Nuclear Energy

What is nuclear energy?


Nuclear energy is power that is contained in the nucleus of an atom. Energy is generated when water is boiled to make steam which propels a turbine which in turn generates electricity. In nuclear power plants, uranium fuel is used in a reaction called nuclear fission which is the splitting of atoms, to generate electricity. Uranium fuel is in the form of pellets, a single uranium pellet contains the same amount of energy as a tonne of coal, around 677 litres of oil, or 17,000 cubic feet of natural gas. With uranium being one of the planet’s most abundant metals, it can provide fuel for years to come.

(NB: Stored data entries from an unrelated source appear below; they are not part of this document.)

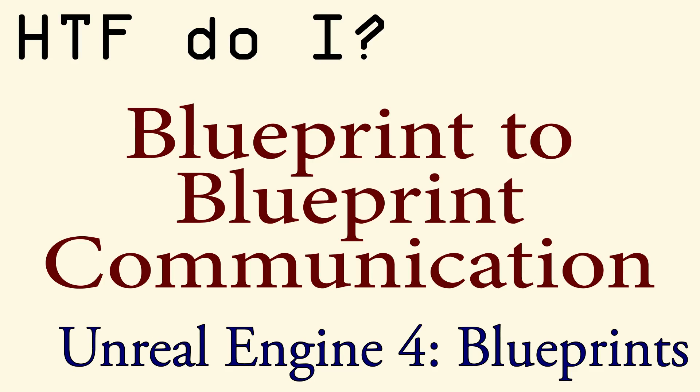Hello and welcome to the video for How Do I Do Blueprint to Blueprint Communication. This video is intended to show you how you communicate between blueprints, perhaps accessing variables or calling functions.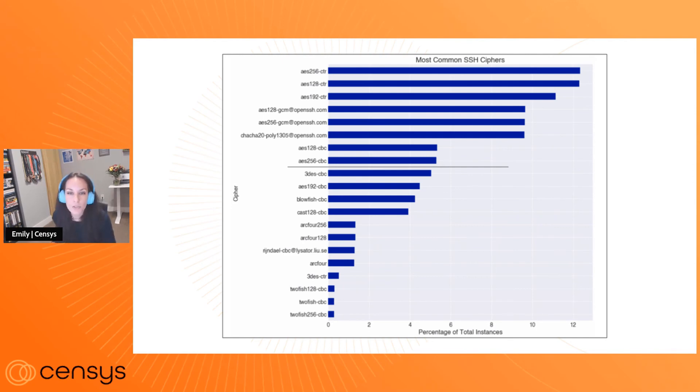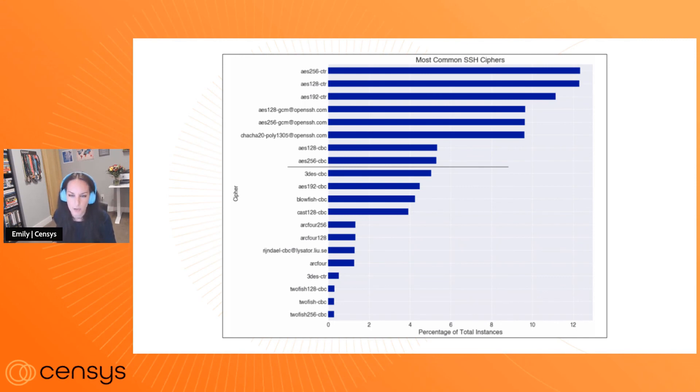And also below this gray line, we see some Blowfish as well, which again, deprecated in favor of Twofish I believe, which we do see some adoption of here.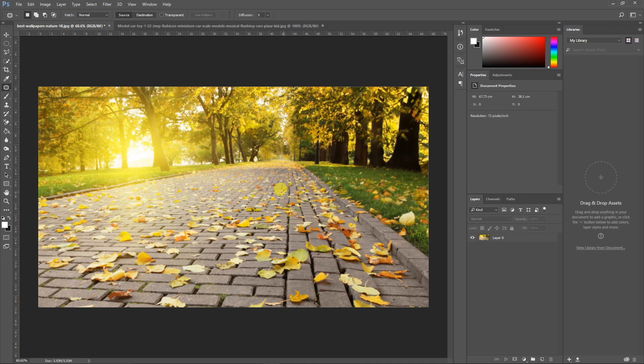Hello guys and welcome to another Photoshop tutorial. In this tutorial I'm going to create two effects: the first one is a miniature effect, and the second one I'm going to provide depth to this image by using the Lens Blur filter. So without further delay, let's get started.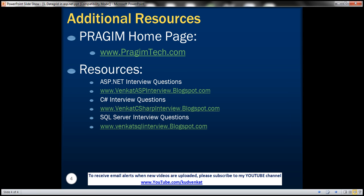On this slide you can find resources for ASP.NET C#, and SQL Server interview questions. That's it for today. Thank you for listening. Have a great day.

The nuclear energy industry went through a period of growth, remained at a constant during the 1990s has been somewhat in decline since then. In the UK several nuclear plants reached the end of their lives and more existing reactors are due to be shut down before 2030. With a nuclear plant taking as long as 10 years to build and costing as much as £26 billion, their production could take too long to have an impact on the UKs emissions targets or reduction of energy prices.

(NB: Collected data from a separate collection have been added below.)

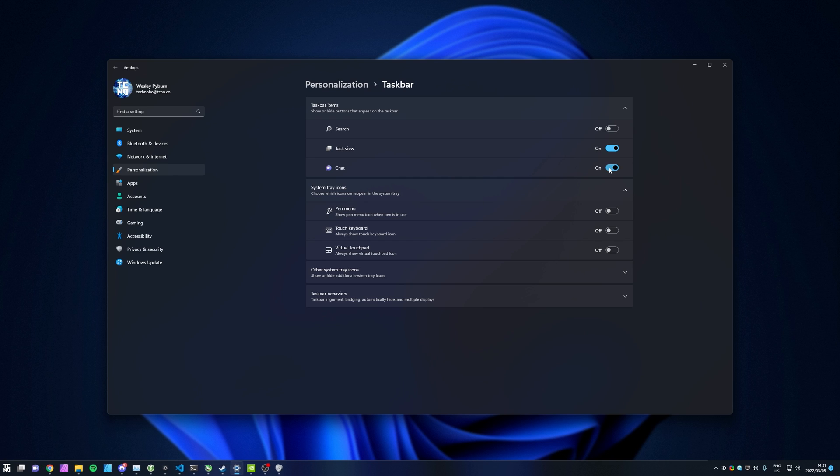As soon as you turn it off, it'll vanish from your start bar, and things will be a bit cleaner. On top of this, I don't use the Task View at all, so while I'm here, I'll be turning this off too.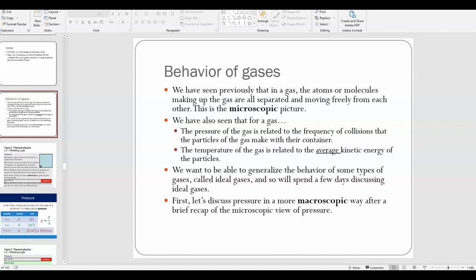In this video we're going to start the next half of the thermophysics unit, and we're going to be talking about the behavior of ideal gases.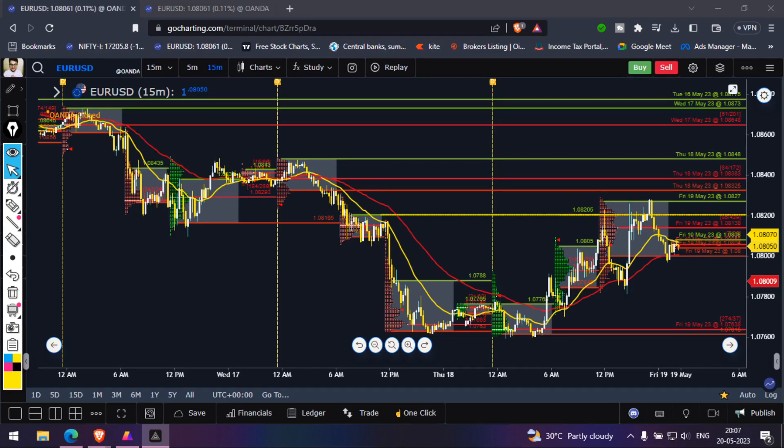In this video, we are going to discuss how you can combine the smart money concept and the market profile. We recently conducted a live session on how to use this market profile indicator on forex, because using it on stocks is different — and using it on forex is completely different.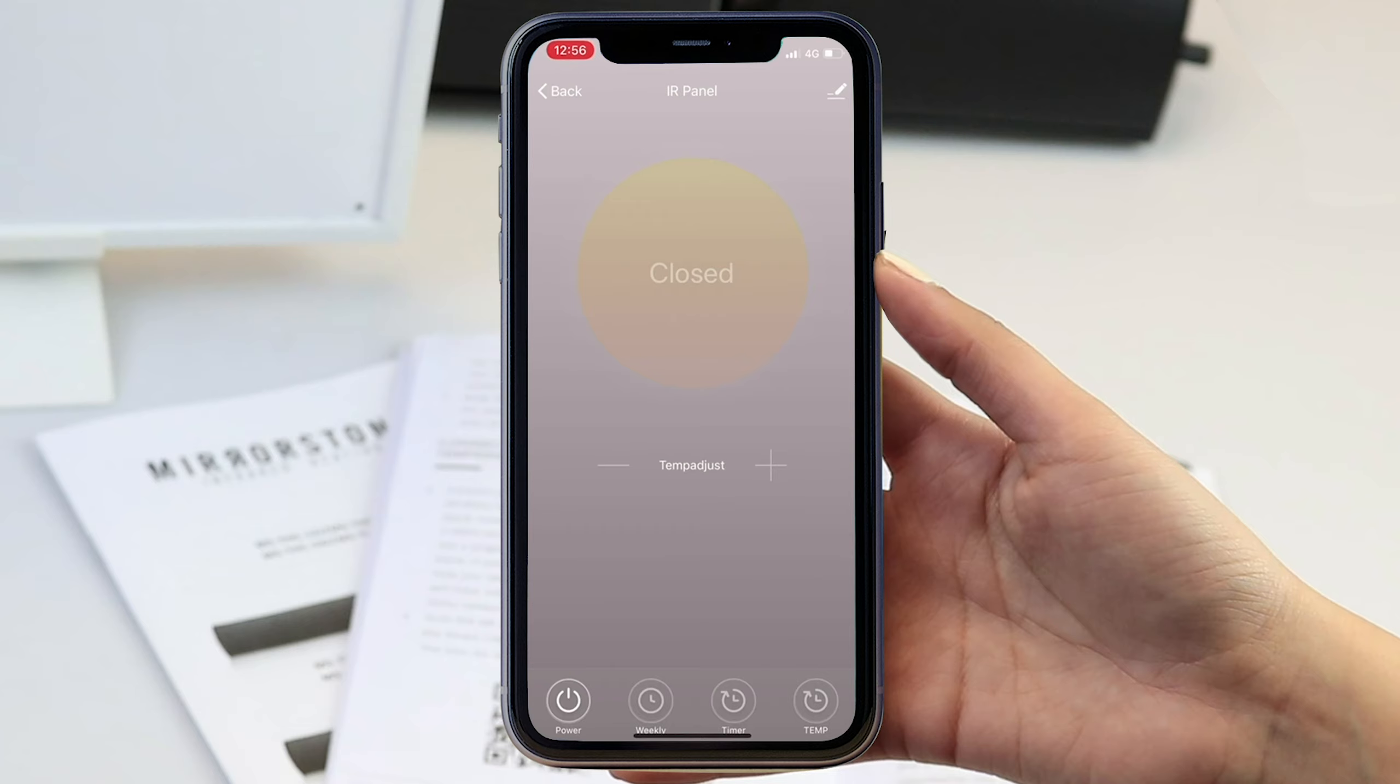For an in-depth guide on how to operate the smart life app, take a look at our video here so you can get the most out of your heater.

In mid-2021 there were 415 civilian nuclear reactors worldwide, which altogether provide around 10% of the world’s electricity.


nuclear power plant


Is nuclear energy safe?


When your only experience and knowledge of nuclear energy is Chernobyl, it is understandable why you believe nuclear energy is unsafe. On the contrary, the nuclear industry prides itself on maintaining extremely high standards of safety. The International Atomic Energy Agency, which are a part of the United Nations, says that nuclear power plants are among the “safest and most secure facilities in the world”.


You are subject to 3 times more radiation living near a coal plant than if you live near a nuclear plant. Even then, the exposure from living near a coal plant is inconsequential. Earth is a radioactive planet, the amount of extra radiation you will get from working at, or being in proximity to, a nuclear power plant is undetectably low.

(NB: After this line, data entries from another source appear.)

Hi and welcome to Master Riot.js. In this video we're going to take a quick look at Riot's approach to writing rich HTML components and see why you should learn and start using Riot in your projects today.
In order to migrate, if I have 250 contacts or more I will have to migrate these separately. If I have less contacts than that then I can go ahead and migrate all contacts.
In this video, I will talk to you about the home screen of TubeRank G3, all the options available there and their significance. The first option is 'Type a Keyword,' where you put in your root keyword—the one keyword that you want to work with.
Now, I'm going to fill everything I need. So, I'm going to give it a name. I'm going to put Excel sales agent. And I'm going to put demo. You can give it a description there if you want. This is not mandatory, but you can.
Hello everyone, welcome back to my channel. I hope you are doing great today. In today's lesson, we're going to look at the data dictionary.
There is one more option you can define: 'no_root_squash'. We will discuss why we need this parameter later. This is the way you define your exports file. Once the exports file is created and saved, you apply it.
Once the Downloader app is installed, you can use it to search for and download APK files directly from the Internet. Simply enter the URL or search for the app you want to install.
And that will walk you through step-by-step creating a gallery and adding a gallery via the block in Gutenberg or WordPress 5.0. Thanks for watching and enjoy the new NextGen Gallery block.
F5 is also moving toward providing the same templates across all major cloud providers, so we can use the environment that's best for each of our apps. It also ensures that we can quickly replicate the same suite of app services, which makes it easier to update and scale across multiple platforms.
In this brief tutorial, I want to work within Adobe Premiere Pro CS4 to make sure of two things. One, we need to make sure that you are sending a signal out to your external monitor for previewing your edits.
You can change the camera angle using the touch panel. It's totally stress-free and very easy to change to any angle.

Concerns over nuclear waste, and accidents, are valid. Waste fuel from nuclear power plants remains highly radioactive and dangerous for a long time. Although it is only a small amount of waste fuel in comparison to coal plants, it needs to be treated extremely carefully. There has been a change since 2007 with more communities within the UK accepting the storage of nuclear waste in exchange for some benefits. Similar approaches have been taken with wind energy in that the community tolerates the wind turbines in exchange for cheaper energy.


Accidents happen, with the most famous ones being Chernobyl and Fukushima. Although tragic, both happened in relatively old reactors and safety systems nowadays are far better. The most gruesome effects of radiation exposure only happen at extremely high levels, the risk of cancer is a much more prevalent concern. This was only for people who had exposure levels of around 100 times more than what most of us are exposed to in a year. A study found that even the clean-up engineers at Chernobyl ended up being at less risk of cancer than people who lived with a smoker. The Chernobyl accident was devastating, people were killed through acute radiation exposure and caused thousands of cases of cancer however the dramatisation in the tv series caused an overestimation of the severity and scale of the disaster.


Nuclear energy is overall, much safer than fossil fuels.




  • Power plants don’t produce any combustion by products or greenhouse gases.
  • They are efficient and reliable, producing electricity continuously without interruption.
  • They can be used to power electric vehicles.
  • The ratio of uranium used to energy produced is greater than with other energy resources.
  • Nuclear energy provides more than just electricity. Its wide range of uses includes supplying radioisotopes for cancer treatment, powering space exploration and much more.




  • Can take up to a decade to build.
  • Are extremely expensive to construct.
  • Nuclear waste must be safely removed and stored for hundreds of years. It is currently stored in temporary facilities which are not suitable for long term storage of radioactive waste.
  • Eutrophication caused by radioactive waste leads to death of aquatic life.
  • It is not a renewable energy as uranium is a finite resource. Once it has been completely extracted there will be no more nuclear energy production.
  • Nuclear energy poses a risk if used to create weapons. Nuclear plants can be targets for terrorist organisations and it could be lethal for humanity and our planet.


A controversial topic, nuclear energy is widely asked about. If power plants are managed effectively and waste disposed of safely then nuclear power has the capability of providing reliable and clean energy to the global population.